Sometimes, buzz just gets to you. I heard about Attack on Titan from at least 5 different sources over the last month. About how people were watching a dozen episodes in one sitting, how the manga is the next big shonen blockbuster and how it pushes boundaries in terms of graphic content (the Eating-humans-alive-and-spraying-blood-everywhere kind, not the Will Eisner kind), for a title aimed at teenagers. Then I went to Anime Expo and found out that there were AoT cosplayers galore. I sat next to one at a panel I was attending, and while making conversation, asked him if the series is really getting better as it progresses. “It’s good enough”, he said.

This could only mean one thing – anime marathon. One lazy Sunday later, my thoughts about the series:

  1. 13 episodes are out, with 11 remaining from the season. I cannot wait! And I am giving myself reasons to not start the manga, because I am sure it will spoil the anime for me. But it’s haaaaaard.
  2. Giants are the new zombies! I am stretching things a bit too much here, but with Jack and Pacific Rim, and now this (it’s going to be a live-action film soon), I get the feeling that pop culture winds blow in that direction, now that we are done bleeding the shuffling dead and the bloodsuckers. Giants have always been played (at least in recent times) as bumbling behemoths that can be incapacitated by resilient humans, but using them as cause for mankind’s extinction is a concept that is only beginning to be explored.
  3. The characters are a little too high-strung for my taste, especially the lead Eren Jaeger. When Eren is not yelling at the top of his voice at every single situation, he’s busy being intense and angsty about life.  Maybe it says something about my expectations from a shonen series, that I expect moments of lightness to bookmark the intense scenes. But the arc until episode 13 (The Battle of Trost) just builds up the tension steadily. I like it, don’t get me wrong, but I feel somewhat lost minus minimal ecchi or slapstick. It’s me, I know. (Oh well, you could argue that Sasha Braus provides the comedy, but come on, it’s not what I meant, you know it!)
  4. Story-wise, the series does live up to the hype. At this point, it is hard to pin down the themes of the manga. Lots of intriguing “hints” are dropped about the world at large.
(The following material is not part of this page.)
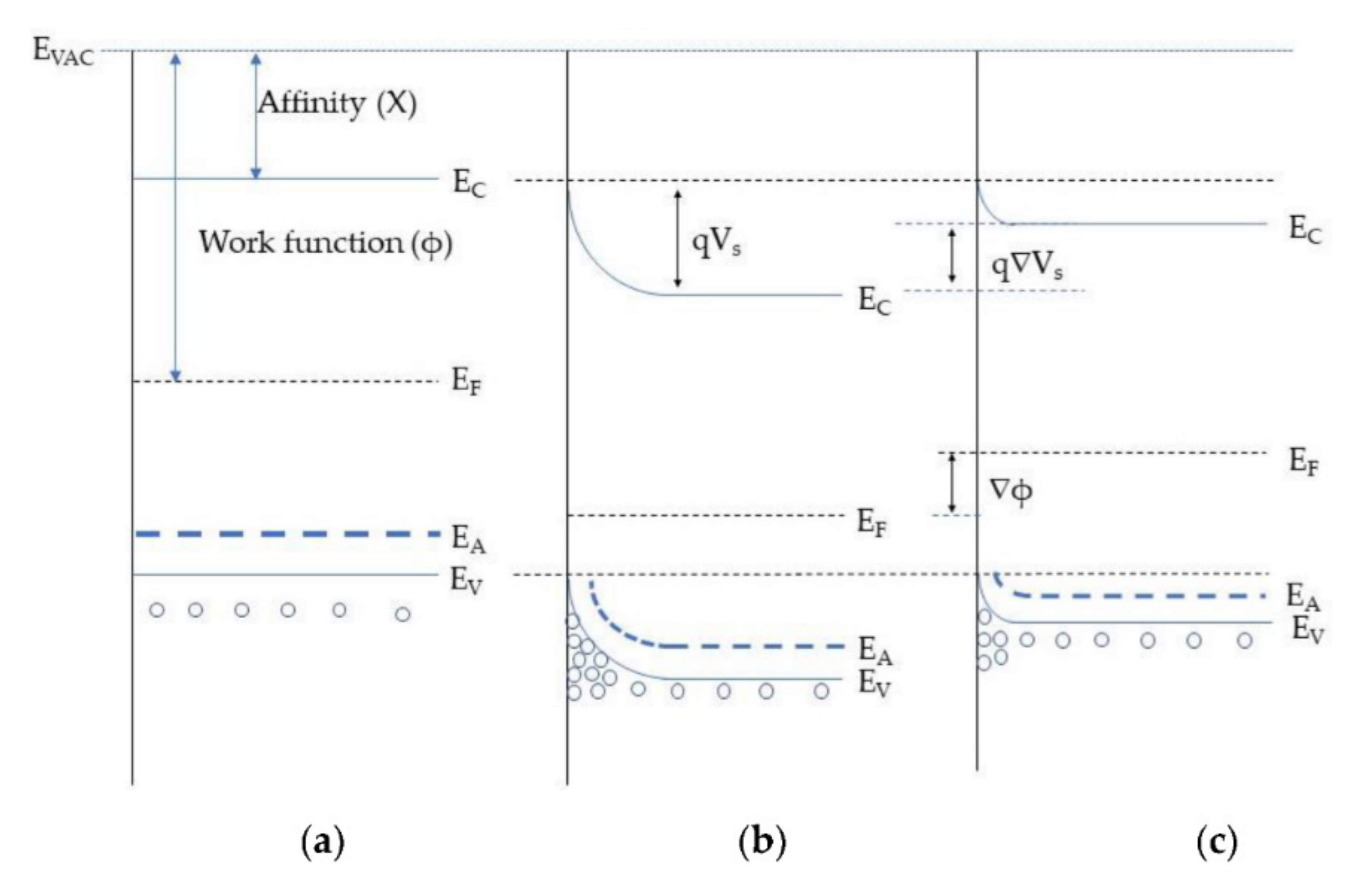 Sensors 22 01359 g002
We have not seen society within Wall Sina. Levy, from the Recon Corps is a bad-ass whose story arc looks like it will be very important going ahead. Unexplained events – Eren’s father’s involvement, Eren’s own past, the mysterious disappearance of the Armored Titan on Wall Rose, the origins of the kyoujin. Is it political drama? Is it a military sagaOr It could be played as just dystopian horror. The body-count is staggering in the first 13 episodes, and I have no doubt it gets worse.
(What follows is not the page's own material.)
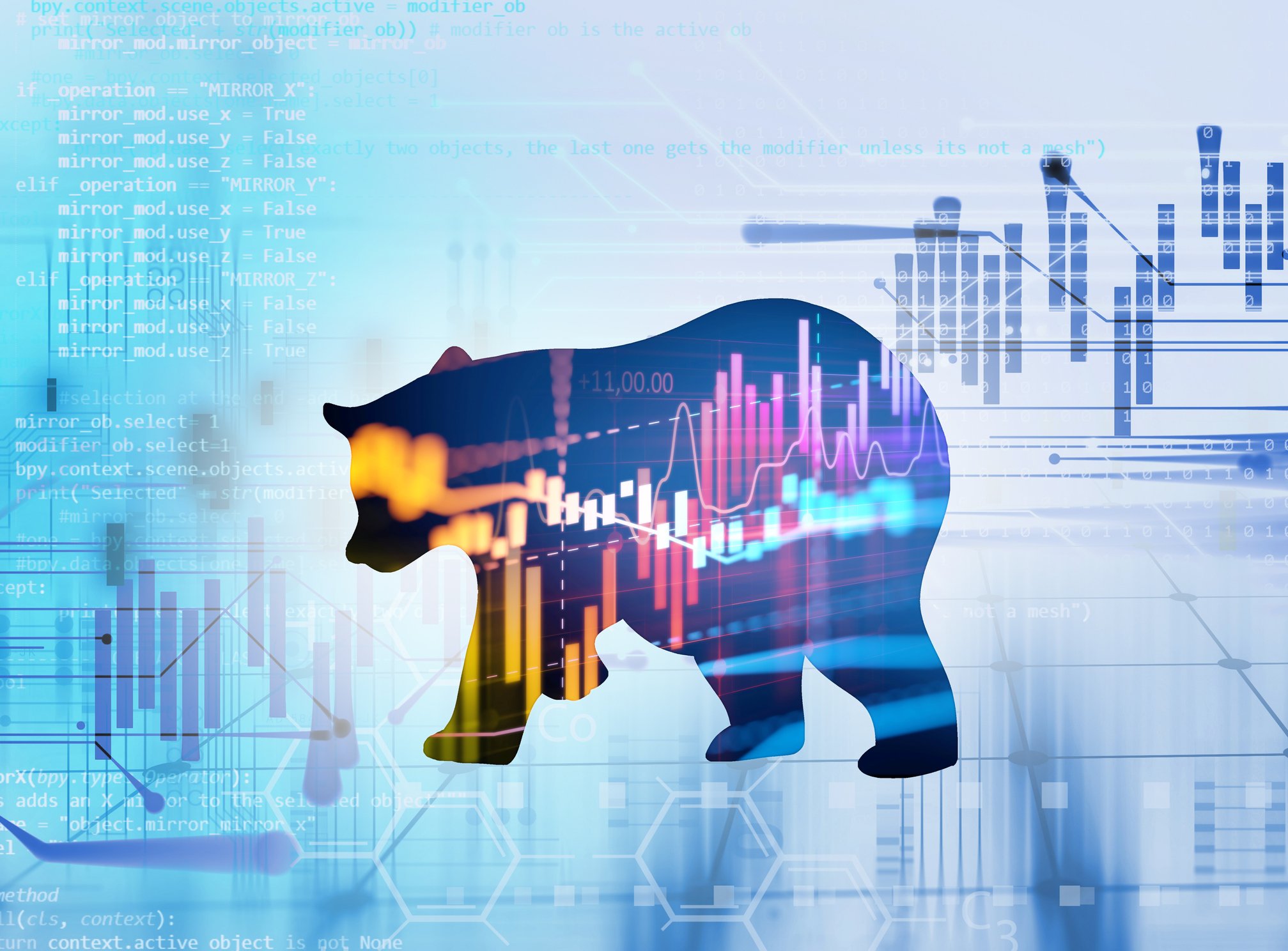 bear market graph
  5. What I do not like was the fact that the shonen hero template of Eren follows Full Metal Alchemist a bit too much. Teenagers caught up in wars, and Eren becoming important not because he is an everyman but because he’s his father’s son. What I do like is the combination of the core trio – Eren, Mikasa and Armin, and how they seem to complement each other’s skills. For this is truly the hallmark of a good shonen series – characters that evolve and learn from each other, and from circumstances around them. And I love the 3D-Maneuver Gear. It’s a bitch to cosplay with them, but the visual concept is brilliant and very Spider-man-esque.
  6. Aditya on Twitter asked me what I thought about the fact that the giant-killing machines in Pacific Rim are called ‘Jaegers’. Del Toro is co-writer of the screenplay. Del Toro is also the man who is optioning the manga Monster as an HBO series, which supports the assumption that the man knows his Japanese comics. Hell, the whole kaiju concept comes from Japanese movies. HOWEVER, the idea for PR (according to the Wiki entry) came about in 2007, AoT started in 2009. I am going with coincidence, or maybe a sly reference at the script-rewrite stage.

All in all can’t wait to see more of this series.